Denn mit dem Ensemblemitglied Andreas Jäpel hat das Haus einen Rodrigo, der mit seinem klangvollen und ausdrucksstarken Bariton sowie entsprechender Mimik den Marquis von Posa an jedem großen Haus singen könnte, das aber auch unerfindlichen Gründen nicht tut. Er und Marlene Lichtenberg als Prinzessin Eboli waren stimmlich die besten der sechs Protagonisten. Wie Stella Motina, Andreas Jäpel, Jens Klaus Wilde und Jörn E. Werner debütierte Lichtenberg in dieser anspruchsvollen Partie und machte daraus eine beeindruckende Rollenstudie der Hofintrigantin. Mit einem sowohl in der Tiefe wie bei den Spitzentönen bestens ansprechenden Mezzo verlieh sie der Eboli große Intensität und viel Charakter. Mit ihr bewies Lichtenberg einmal mehr, dass sie neben dem deutschen Fach mit Schwerpunkt Richard Wagner auch ebenso gut im italienischen Fach zu Hause ist.

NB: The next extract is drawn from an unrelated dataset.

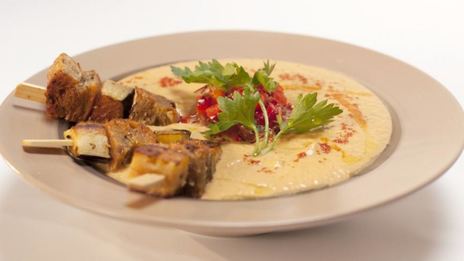 холодный суп из баклажанов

Katerina Fridland debütierte mit einem guten Tebaldo, und Christian Henneberg verlieh dem Grafen von Lerma einen farbigen Bariton, der größere Rollen nahelegt. Ingo Witzke war ein Mönch mit einem etwas rauen Bass. Debra Stanley sang die Stimme vom Himmel beim Autodafé mit schöner Lyrik, diesmal sichtbar wie einer überhöhter Engel im Bühnenhintergrund – ein guter Einfall des Regieteams. Die Deputierten und Mönche sangen ebenfalls gut, und die Damen und Herren des Opernchores und Extrachores überzeugten unter der Einstudierung von Christian Möbius durch kräftige Stimmen und eine gute Choreografie.
GMD Evan Christ dirigierte einen packenden „Don Carlo“ mit dem bestens aufspielenden Philharmonischen Orchester des Staatstheaters Cottbus. Höhepunkte waren die großen Tabelaus in ihrer Transparenz und Dynamik sowie die dunkel drohende Untermalung der Szene zwischen Philipp II. und dem Großinquisitor. Aber auch die subtileren Passagen vermochte Christ mit seinen Musikern fein auszumusizieren, wobei er stets große Rücksicht auf die Sänger nahm. Großer Applaus und viele Bravi für alle Beteiligten. Cottbus kann einmal mehr stolz auf eine gute neue Opernproduktion sein. Wenigstens die Berliner Opernfans sollten mal hierher kommen.